528 in 7

The last month spent as artist-in-residence at Gamli Skoli, Hrisey, Iceland has given me the opportunity to pause as consider how fortunate I was to have all that time, space, and support to just make work. It gave me the headspace most importantly to just take time to read, research and experiment. I was able to work on three projects; Task 2, a series of drawing supported by external funding, and the project I proposed for the residency.

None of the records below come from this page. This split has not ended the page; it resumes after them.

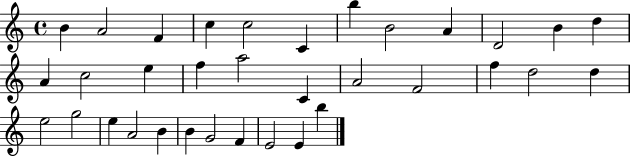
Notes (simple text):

B4/q A4/h F4/q C5/q C5/h C4/q B5/q B4/h A4/q D4/h B4/q D5/q A4/q C5/h E5/q F5/q A5/h C4/q A4/h F4/h F5/q D5/h D5/q E5/h G5/h E5/q A4/h B4/q B4/q G4/h F4/q E4/h E4/q B5/q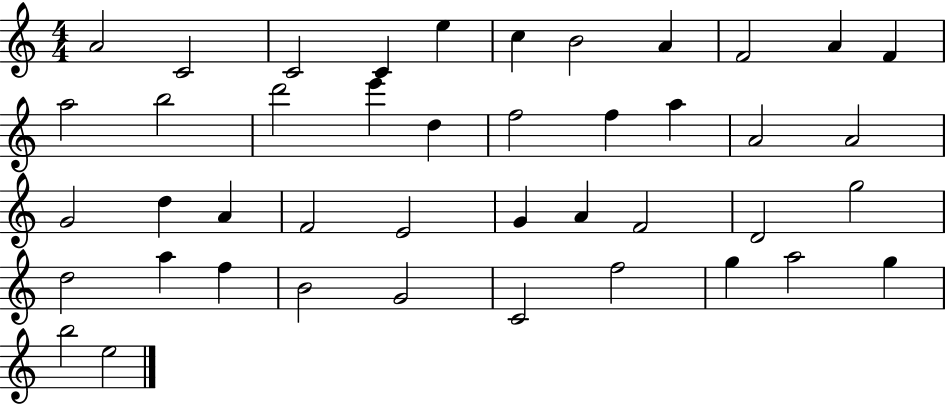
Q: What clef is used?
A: treble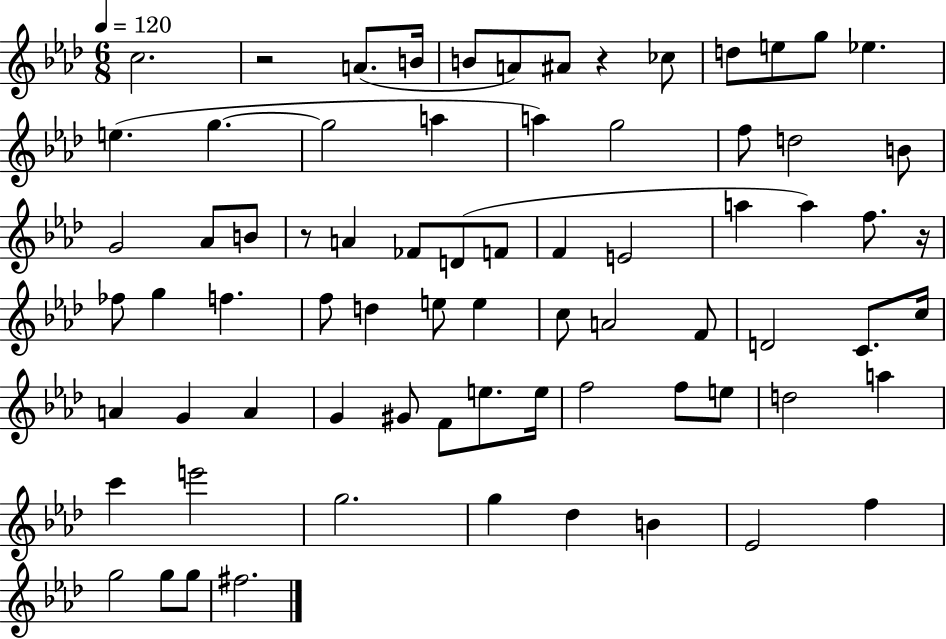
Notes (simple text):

C5/h. R/h A4/e. B4/s B4/e A4/e A#4/e R/q CES5/e D5/e E5/e G5/e Eb5/q. E5/q. G5/q. G5/h A5/q A5/q G5/h F5/e D5/h B4/e G4/h Ab4/e B4/e R/e A4/q FES4/e D4/e F4/e F4/q E4/h A5/q A5/q F5/e. R/s FES5/e G5/q F5/q. F5/e D5/q E5/e E5/q C5/e A4/h F4/e D4/h C4/e. C5/s A4/q G4/q A4/q G4/q G#4/e F4/e E5/e. E5/s F5/h F5/e E5/e D5/h A5/q C6/q E6/h G5/h. G5/q Db5/q B4/q Eb4/h F5/q G5/h G5/e G5/e F#5/h.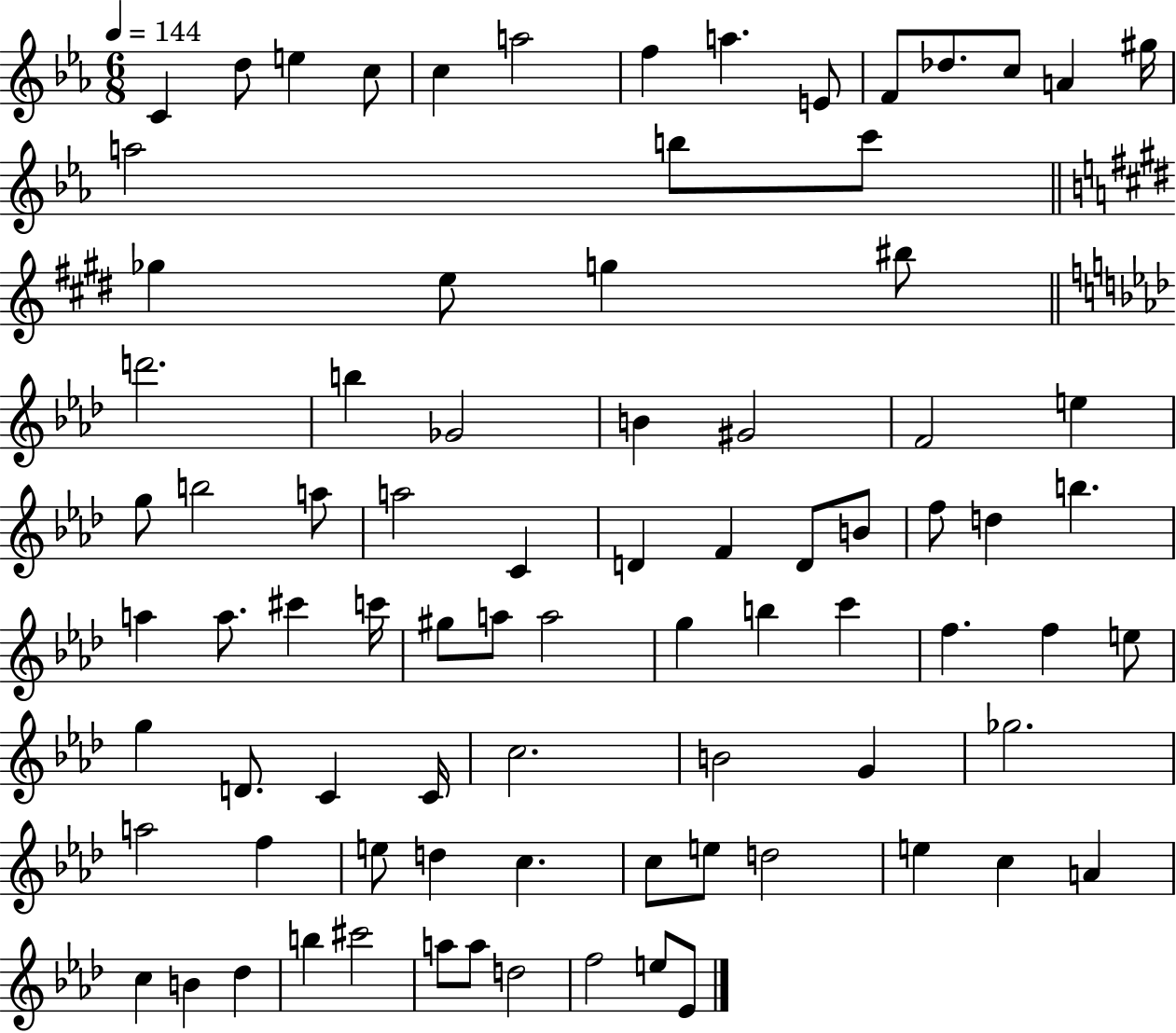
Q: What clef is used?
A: treble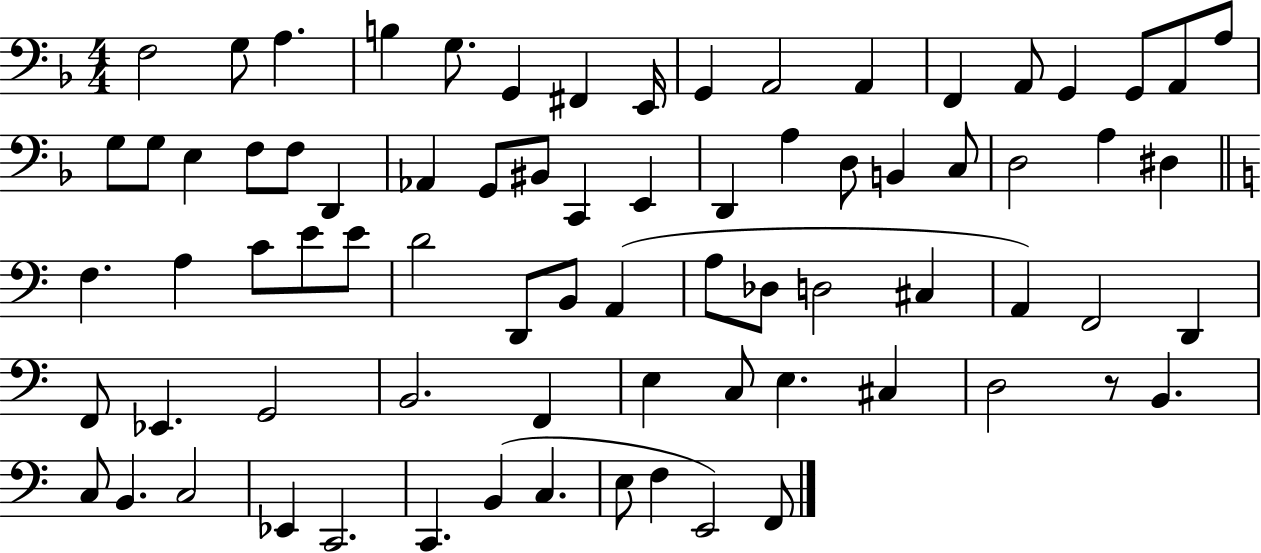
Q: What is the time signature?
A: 4/4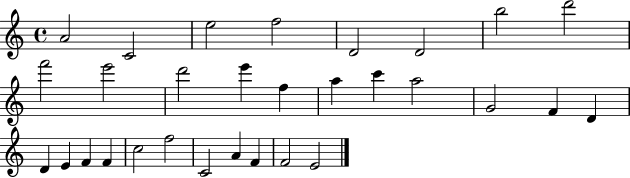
{
  \clef treble
  \time 4/4
  \defaultTimeSignature
  \key c \major
  a'2 c'2 | e''2 f''2 | d'2 d'2 | b''2 d'''2 | \break f'''2 e'''2 | d'''2 e'''4 f''4 | a''4 c'''4 a''2 | g'2 f'4 d'4 | \break d'4 e'4 f'4 f'4 | c''2 f''2 | c'2 a'4 f'4 | f'2 e'2 | \break \bar "|."
}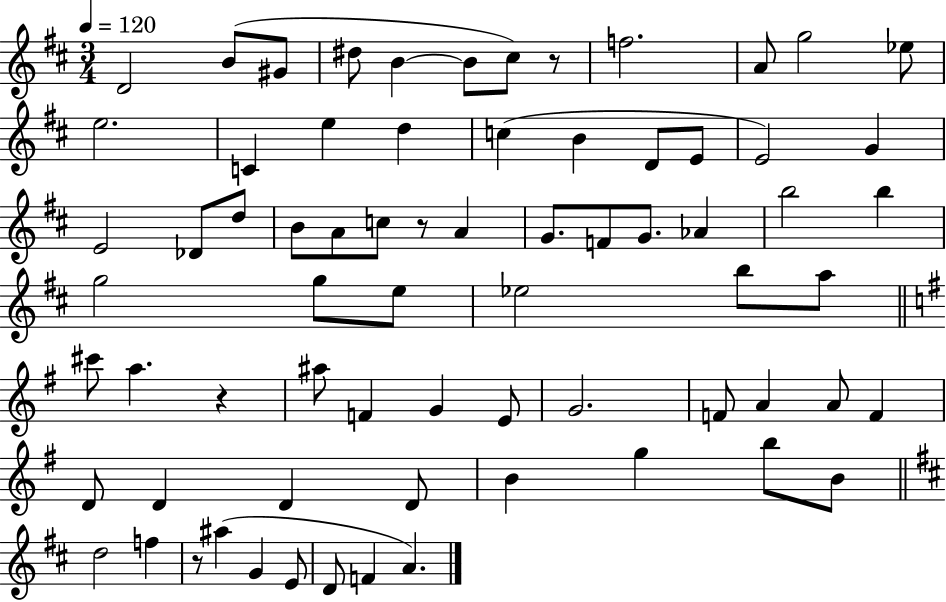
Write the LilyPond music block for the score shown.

{
  \clef treble
  \numericTimeSignature
  \time 3/4
  \key d \major
  \tempo 4 = 120
  d'2 b'8( gis'8 | dis''8 b'4~~ b'8 cis''8) r8 | f''2. | a'8 g''2 ees''8 | \break e''2. | c'4 e''4 d''4 | c''4( b'4 d'8 e'8 | e'2) g'4 | \break e'2 des'8 d''8 | b'8 a'8 c''8 r8 a'4 | g'8. f'8 g'8. aes'4 | b''2 b''4 | \break g''2 g''8 e''8 | ees''2 b''8 a''8 | \bar "||" \break \key g \major cis'''8 a''4. r4 | ais''8 f'4 g'4 e'8 | g'2. | f'8 a'4 a'8 f'4 | \break d'8 d'4 d'4 d'8 | b'4 g''4 b''8 b'8 | \bar "||" \break \key b \minor d''2 f''4 | r8 ais''4( g'4 e'8 | d'8 f'4 a'4.) | \bar "|."
}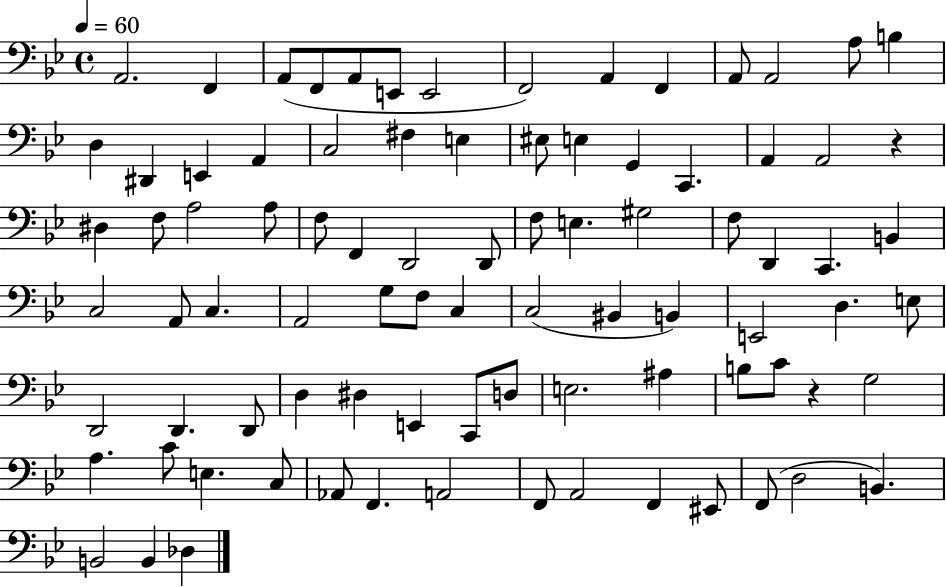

This involved research into the asterism Pleiades, its mythological origins and contemporary study, prompted by the culmination event on November 21. This starting also point lead me to the DASCH Project and many beautiful poems about the stars, and the colour blue.

Also known as the Seven Sisters, this cluster in the Taurus constellation (RA 3h 47m 24s | Dec +24° 7′ 0″), has been documented as early as 1600 BC on the Nebra Sky Disc. Pleiades provides a rich history of interpretation, documentation and lore to explore and question. Looking at non-Western interpretations alongside modern day scientific documentation, I hope that overlapping the two approaches to understanding of one subject will create a deeper understanding of a place that is intangible.

To this end I learned that through 7 stars are visible to the naked eye, in fact 528 stars contribute to its brightness. I wondered is all these stars are documented and named, or now much we have thought about each of them. Do they feel neglected compared to the closest brightest 7? Do they feel like sisters? I thought I would take the time to think about each one of them, by drawing a portrait of them, and thinking of a question for each as well. This has lead to a 528 line poem of questions, to be bound in an accordion book, and so far; 380 drawings.

The questions range from scientific, to personal, to moral, but are all ultimately questions I could ask myself, a friend or a sister. Harkening, the way we look up to the sky with questions about ourselves, projecting those big issues onto glimmering balls of gas, in hopes of understanding.